Current state of the art MCE2E DASR systems can be broadly grouped into three categories. The first are systems where the multi-channel front-end is based on a signal processing-based spatial filtering method with some elements of the algorithm being jointly estimated with the E2E ASR system. The second category of systems are based on neural filter and sum structures that directly optimize the ASR loss function. Finally, there are methods for speech dereverberation, which target reducing the level of reverberation in the signal. Since complete inversion of the acoustic transfer function is a challenging problem, many state of the art methods instead target channel shortening, whereby some amount of early reflections are kept intact and only the later reverberation is removed, retaining spatial localization information and thus enabling application of subsequent spatial processing algorithms.

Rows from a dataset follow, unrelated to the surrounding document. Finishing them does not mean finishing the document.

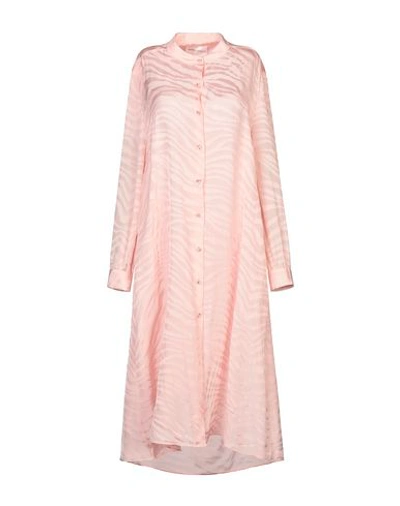 Carmen March Knee-length Dress In Pink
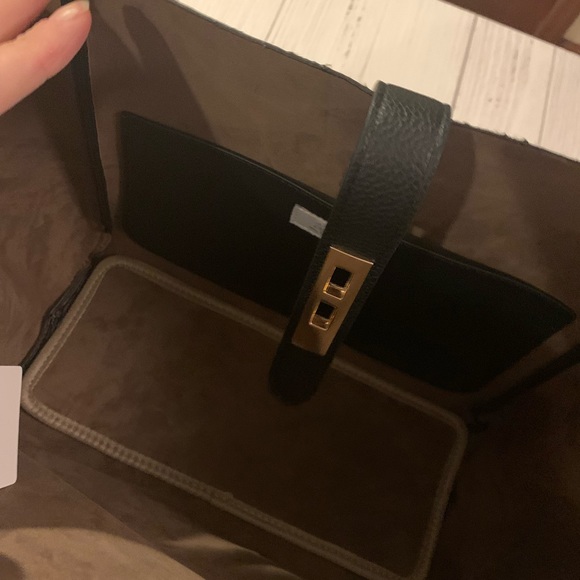 UN BILLION Large Zebra striped tote bag π€ - Picture 5 of 7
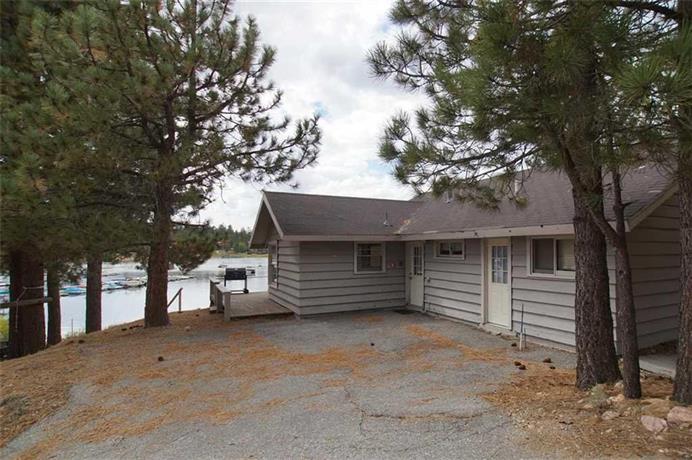 Lakefront Retreat by Big Bear Cool cabins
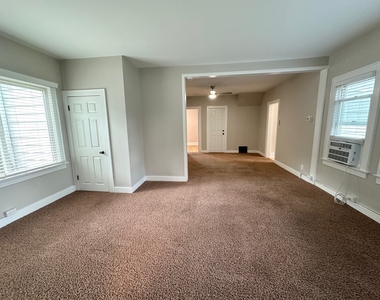438 Ada Street - Photo Thumbnail 10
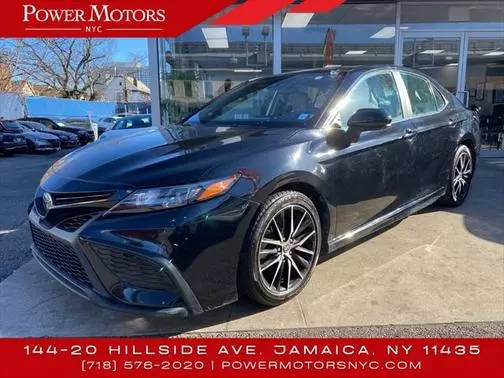 2021 Toyota Camry SE FWD photo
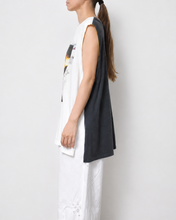Load image into Gallery viewer, V NECK SLEEVELESS T / 毎日だ
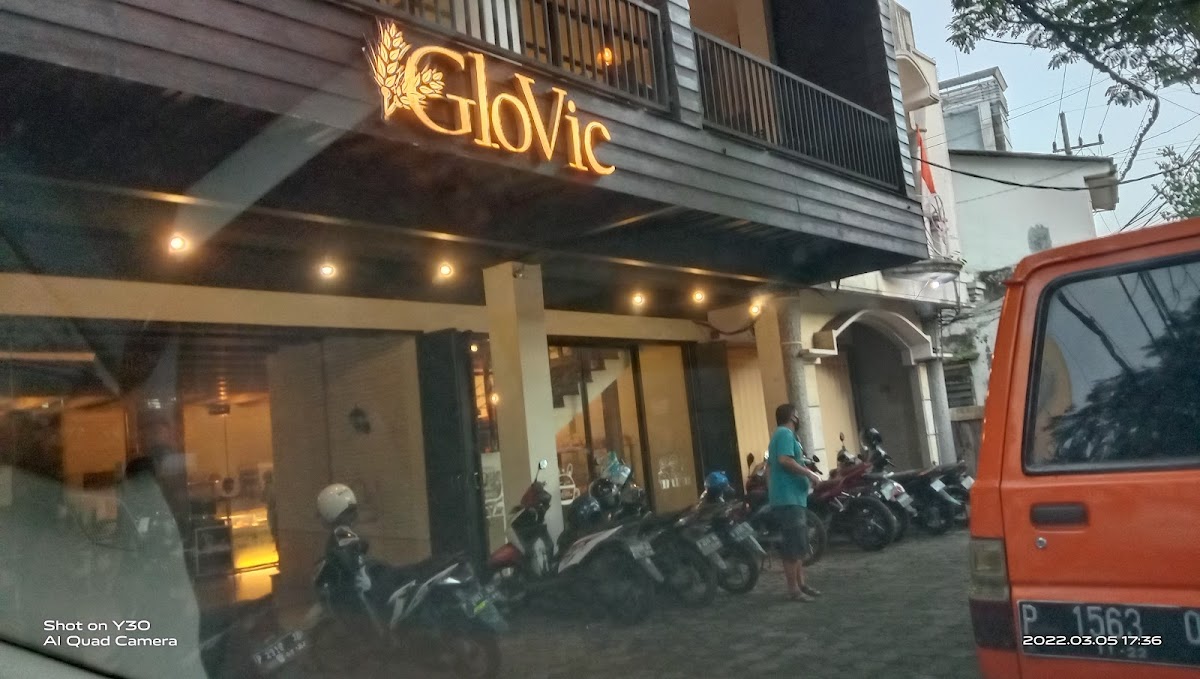 GloVic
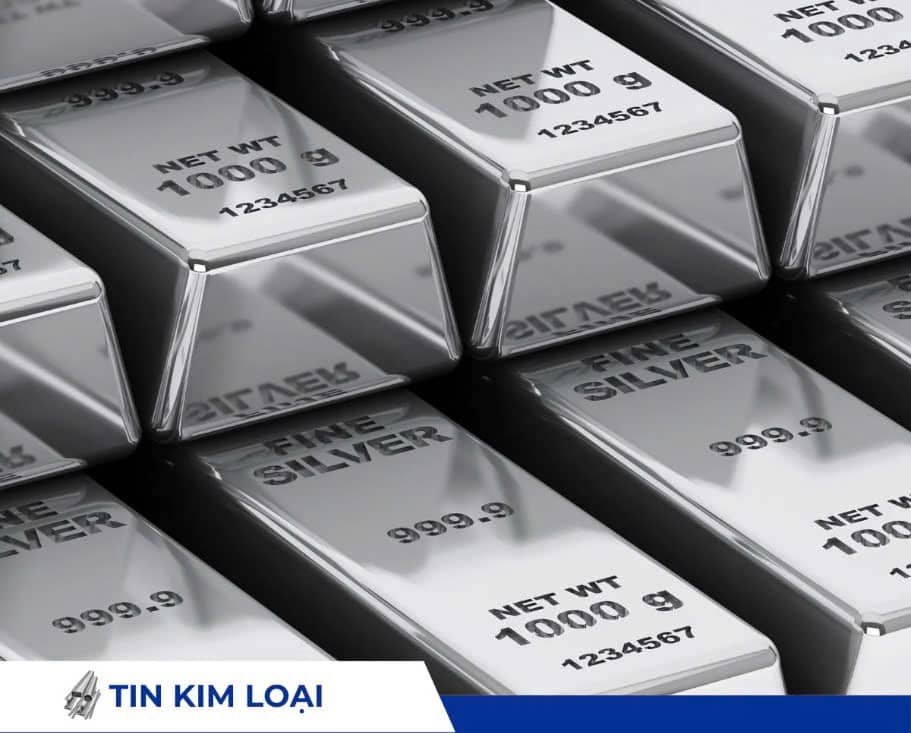 Giá bạc tiếp tục tăng mạnh nhờ tâm lý trú ẩn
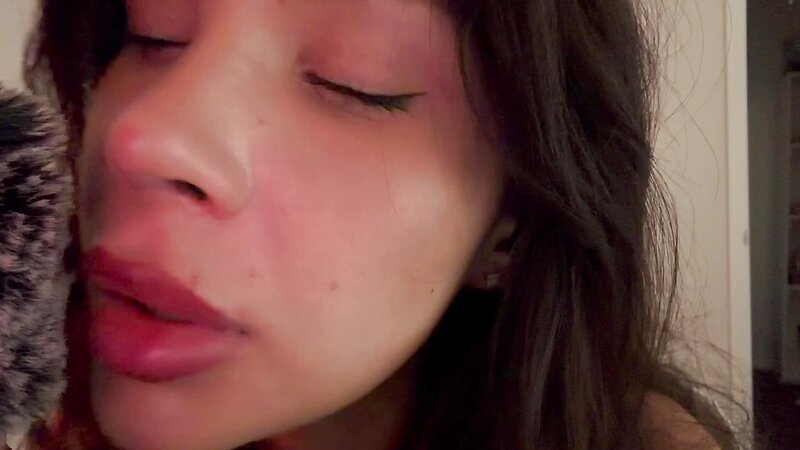 Vitsamin - 9 June 2026 - ASMR 50 Layers of Lipstick, Countdown, Gum Chewing, Slow Whispering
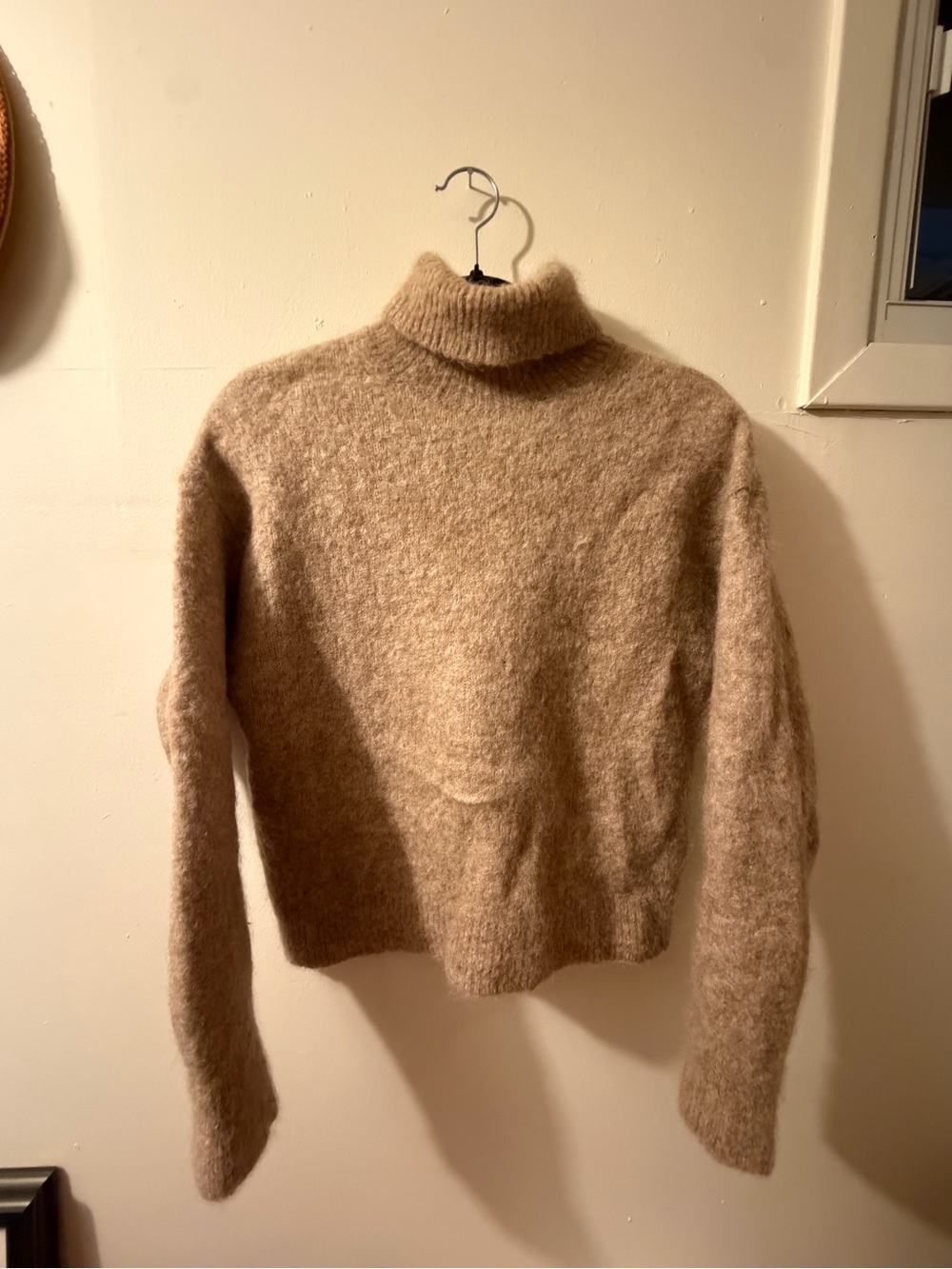 Little Moon Cozy Turtleneck Alpaca-
Sweater in Camel
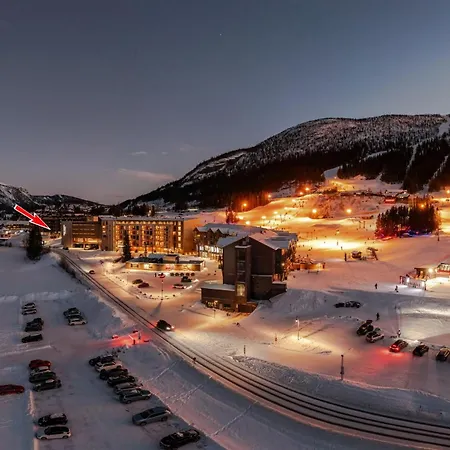 Apartment Charming New Ski-in Ski-out In *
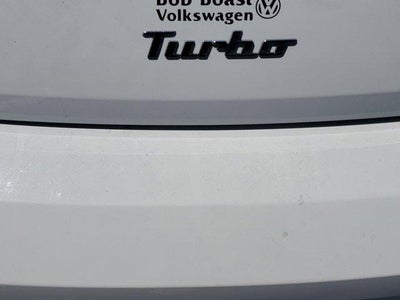 2018 Volkswagen Beetle SE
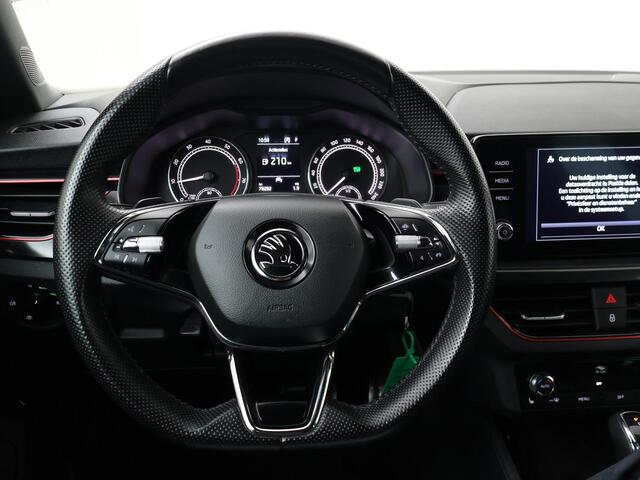 Skoda Kamiq 1.0 TSI Sport Business | 110 PK | Automaat | Trekhaak wegklapbaar | Panoramadak |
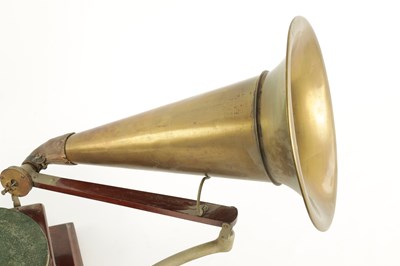 Lot 602 - A VERY RARE LATE 19TH CENTURY "TRADEMARK" GRAMOPHONE BY THE GRAMOPHONE COMPANY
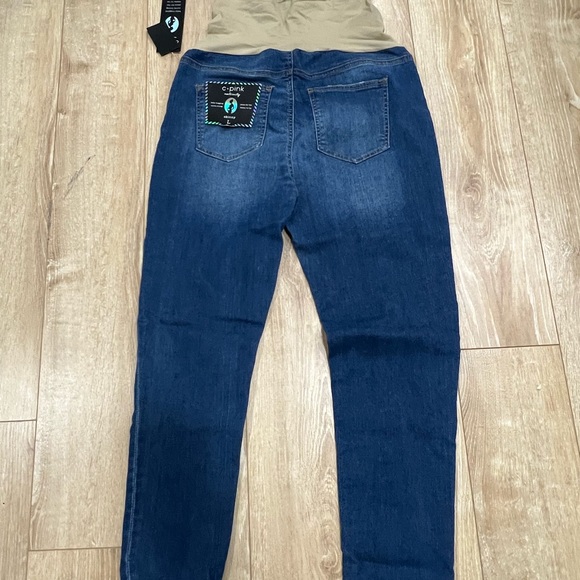 NWT - C pink Maternity jeans. Size L - Picture 3 of 7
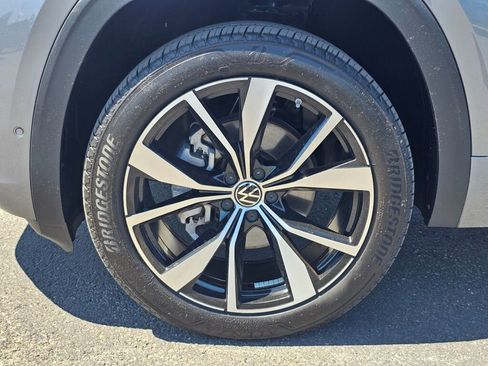 Certified 2024 Volkswagen Atlas Cross Sport SEL Premium R-Line AWD/4WD image 8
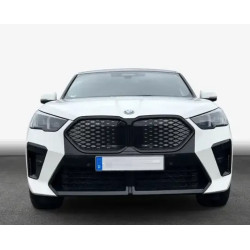 Grille de calandre BEV/ SHADOWLINE noir brillant avec cache pour BMW iX2 U10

In our ICASSP 2022 paper, we propose a novel frontend based on dereverberation of microphone signals via a multi-channel Weighted Prediction Error (WPE)-based method followed by a fixed beamformer with 16 beams driving our recently proposed Self Attention Channel Combinator (SACC) for multi-channel signal combination using a self-attention mechanism.
The above figure shows the overall architecture of our proposed system. Audio form an 8-channel microphone array are first processed by an 8 channel WPE-based dereverberation algorithm to reduce the level of late reverberation in the signals. These are then processed by 16 fixed beamformers resulting in a 16 channel beamformed signal. The SACC component produces a single channel signal in the short time Fourier transform domain by taking an element-wise product and sum over the channel dimension of a weight matrix (computed via a scaled dot-product self-attention mechanism) and the normalized logarithmic power of multi-channel input. This is then used as input to an E2E ASR system and the SACC weights are learnt jointly with the ASR.
To train the ASR systems, a 460 hour multi-channel training dataset was created by convolving a clean subset of single channel speech from the LibriSpeech and Mozilla Common Voice datasets with simulated room impulse responses (RIRs) and additive ambient noise followed by a level augmentation. For test data, a set of clean speech utterances from the Librispeech test-clean partition were simultaneously played back through artificial mouth loudspeakers and recorded by a wall mounted 8 microphone uniform linear array. The playback and recording was performed from four positions in a typical office room (3m X 3.7m), simulating two pairs of conversation positions.
The ASR test results for the different systems are presented in Figure 2, where it can be seen that our proposed system provides the highest word accuracy rate of 93.1%, nearly 36% fewer errors than the single distant microphone (SDM) baseline. Furthermore, as shown in Figure 3, the average SACC weights for a test utterance correlate with the source position. This is an added advantage of our proposed architecture, in that using the SACC weights, source location information may be inferred and used for other tasks such as speaker diarization.
In conclusion, we have shown how a novel multi-channel frontend, comprising a multi-channel dereverberation followed by a set of fixed beamformers, can be used in conjunction with a self-attention channel combinator-based E2E system to deliver state of the art far field ASR.